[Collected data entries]
= Beginning of Section =
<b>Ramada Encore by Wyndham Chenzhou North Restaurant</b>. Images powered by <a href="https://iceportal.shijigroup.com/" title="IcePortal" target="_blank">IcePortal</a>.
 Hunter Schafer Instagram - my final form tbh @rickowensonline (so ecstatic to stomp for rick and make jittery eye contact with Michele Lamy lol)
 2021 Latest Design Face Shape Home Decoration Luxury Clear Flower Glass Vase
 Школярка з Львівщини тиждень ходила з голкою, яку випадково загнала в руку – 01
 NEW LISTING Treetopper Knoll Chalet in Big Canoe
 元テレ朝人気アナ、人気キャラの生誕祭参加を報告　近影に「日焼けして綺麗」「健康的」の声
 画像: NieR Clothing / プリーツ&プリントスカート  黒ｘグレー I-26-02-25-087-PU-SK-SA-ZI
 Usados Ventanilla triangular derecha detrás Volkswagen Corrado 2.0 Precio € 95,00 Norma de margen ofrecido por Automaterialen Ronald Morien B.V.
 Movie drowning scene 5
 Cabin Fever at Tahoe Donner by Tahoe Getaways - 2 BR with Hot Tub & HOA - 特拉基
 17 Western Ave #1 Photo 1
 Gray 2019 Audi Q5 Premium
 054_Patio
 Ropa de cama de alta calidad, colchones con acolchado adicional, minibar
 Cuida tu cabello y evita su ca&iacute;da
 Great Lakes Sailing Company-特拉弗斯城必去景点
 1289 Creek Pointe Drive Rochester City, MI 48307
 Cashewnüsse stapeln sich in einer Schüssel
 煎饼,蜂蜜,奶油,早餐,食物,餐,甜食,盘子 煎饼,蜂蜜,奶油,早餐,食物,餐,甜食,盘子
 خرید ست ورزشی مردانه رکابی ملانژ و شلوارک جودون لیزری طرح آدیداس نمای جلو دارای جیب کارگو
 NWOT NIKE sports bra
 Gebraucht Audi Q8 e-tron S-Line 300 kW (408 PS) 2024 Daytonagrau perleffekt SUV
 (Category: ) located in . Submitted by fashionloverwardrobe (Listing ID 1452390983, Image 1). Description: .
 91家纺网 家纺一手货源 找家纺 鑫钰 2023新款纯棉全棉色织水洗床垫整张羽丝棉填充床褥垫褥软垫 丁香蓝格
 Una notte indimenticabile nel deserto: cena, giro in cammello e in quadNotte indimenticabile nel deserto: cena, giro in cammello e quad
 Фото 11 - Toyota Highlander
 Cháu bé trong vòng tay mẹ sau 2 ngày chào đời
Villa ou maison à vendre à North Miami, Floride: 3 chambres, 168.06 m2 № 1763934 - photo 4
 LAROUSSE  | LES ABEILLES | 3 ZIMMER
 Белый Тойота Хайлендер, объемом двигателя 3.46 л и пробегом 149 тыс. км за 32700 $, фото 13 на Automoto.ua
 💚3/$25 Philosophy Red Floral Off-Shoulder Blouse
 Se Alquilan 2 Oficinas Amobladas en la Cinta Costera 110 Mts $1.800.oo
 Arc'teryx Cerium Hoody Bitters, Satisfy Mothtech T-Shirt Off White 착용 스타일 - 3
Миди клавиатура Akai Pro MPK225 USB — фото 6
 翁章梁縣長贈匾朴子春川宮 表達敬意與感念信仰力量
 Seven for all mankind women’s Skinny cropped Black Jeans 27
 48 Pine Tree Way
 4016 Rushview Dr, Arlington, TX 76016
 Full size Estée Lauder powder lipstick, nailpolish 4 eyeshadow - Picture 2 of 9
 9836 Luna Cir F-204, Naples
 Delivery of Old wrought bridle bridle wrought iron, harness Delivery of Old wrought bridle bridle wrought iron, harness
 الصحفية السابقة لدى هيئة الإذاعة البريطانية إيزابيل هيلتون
= End of Section =
## PROBLEM REQUIREMENTS
Your response should hold only an exact copy of the lines above, from the one containing "Una notte indimenticabile" through the end of the entries.

## ANSWER TO THIS EXERCISE
 Una notte indimenticabile nel deserto: cena, giro in cammello e in quadNotte indimenticabile nel deserto: cena, giro in cammello e quad
 Фото 11 - Toyota Highlander
 Cháu bé trong vòng tay mẹ sau 2 ngày chào đời
Villa ou maison à vendre à North Miami, Floride: 3 chambres, 168.06 m2 № 1763934 - photo 4
 LAROUSSE  | LES ABEILLES | 3 ZIMMER
 Белый Тойота Хайлендер, объемом двигателя 3.46 л и пробегом 149 тыс. км за 32700 $, фото 13 на Automoto.ua
 💚3/$25 Philosophy Red Floral Off-Shoulder Blouse
 Se Alquilan 2 Oficinas Amobladas en la Cinta Costera 110 Mts $1.800.oo
 Arc'teryx Cerium Hoody Bitters, Satisfy Mothtech T-Shirt Off White 착용 스타일 - 3
Миди клавиатура Akai Pro MPK225 USB — фото 6
 翁章梁縣長贈匾朴子春川宮 表達敬意與感念信仰力量
 Seven for all mankind women’s Skinny cropped Black Jeans 27
 48 Pine Tree Way
 4016 Rushview Dr, Arlington, TX 76016
 Full size Estée Lauder powder lipstick, nailpolish 4 eyeshadow - Picture 2 of 9
 9836 Luna Cir F-204, Naples
 Delivery of Old wrought bridle bridle wrought iron, harness Delivery of Old wrought bridle bridle wrought iron, harness
 الصحفية السابقة لدى هيئة الإذاعة البريطانية إيزابيل هيلتون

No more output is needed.